One small window we have on the CBC labyrinth is the annual financial reports of the CRTC. For instance, these reports provide the only public source of information about the number of staff employed by the CBC. All reports issued by the CBC are woefully lacking information about CBC staff, which is strange since staff account for a majority of the corporation’s expenses, as much as 60 per cent according to CBC president Hubert Lacroix.
Here are some highlights from the CRTC financial data, comparing 2010 to 2009:
- CBC revenues declined by 2 per cent in 2010 to $1.767 billion; the Parliamentary grant represented $1.14 billion (65 per cent) of total revenues
- despite the reduction in revenues, total CBC expenditures actually increased very slightly to $1.663 billion in 2010; program expenses increased modestly by 3 per cent
- but one area, sales and promotion expenses, increased by 15% overall. Sales and promotion accounted for $136 million in 2010, with increases of 17 per cent at CBC TV and almost 40 per cent at CBC News Network and RDI; an explanation as to why sales and promotion expenses of the CBC’s main TV services increased so markedly seems in order. Combined these increases in TV sales and promotion budgets accounted for roughly $20 million, which seems to have been taken from CBC radio budgets (see below)
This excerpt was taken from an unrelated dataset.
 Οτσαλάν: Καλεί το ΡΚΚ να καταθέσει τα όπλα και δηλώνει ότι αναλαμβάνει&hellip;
- CBC administration expenses accounted for $210 million in 2010, a decline of 18 per cent from the previous year, led by a 34 per cent reduction in CBC radio administration expenses. This begs the question as to how this was accomplished in a one year period. It would be useful if CRTC were to provide more details on this large $200-plus million expense category
- CBC reduced salary expenses by almost $100 million in 2010 to $837.6 million (-10 per cent), a remarkable achievement for one year and one needing some explanation
- overall expenses of CBC TV (+3 per cent) increased in 2010, as did the expenses of CBC News Network (+13 per cent), ARTV (+7 per cent), bold (+16 per cent) and the Documentary Channel (+4 per cent). Reseau de l’Information had a modest decline of 3 per cent but CBC radio decreased expenses by 9 per cent or by almost $35 million, meaning that radio services took a major financial hit in 2010 and appear to have been singled out, inadvertently or not, to bear the brunt of CBC cost cutting. The result was noticeable on air as mid-day local programming was reduced by half and many daytime time slots consisted of repeat programming.
- Just weeks ago CBC filed limited 2011 financial data with CRTC and it shows CBC radio suffered an additional $30 million dollar reduction (-10 per cent) in 2011. Both CBC English and French TV services increased their expenses in 2011, meaning that radio has been sacrificed to fund CBC TV. Does anyone at CBC other than the VP in charge of the books realize this?
The CBC has been through a tumultuous period and it is going to get more challenging. The CRTC financial data on the state of CBC indicate that the CBC’s planning and basic budgeting tools are not up to the task of the changes and priorities the CBC must choose from as it enters a period of reduced government funding.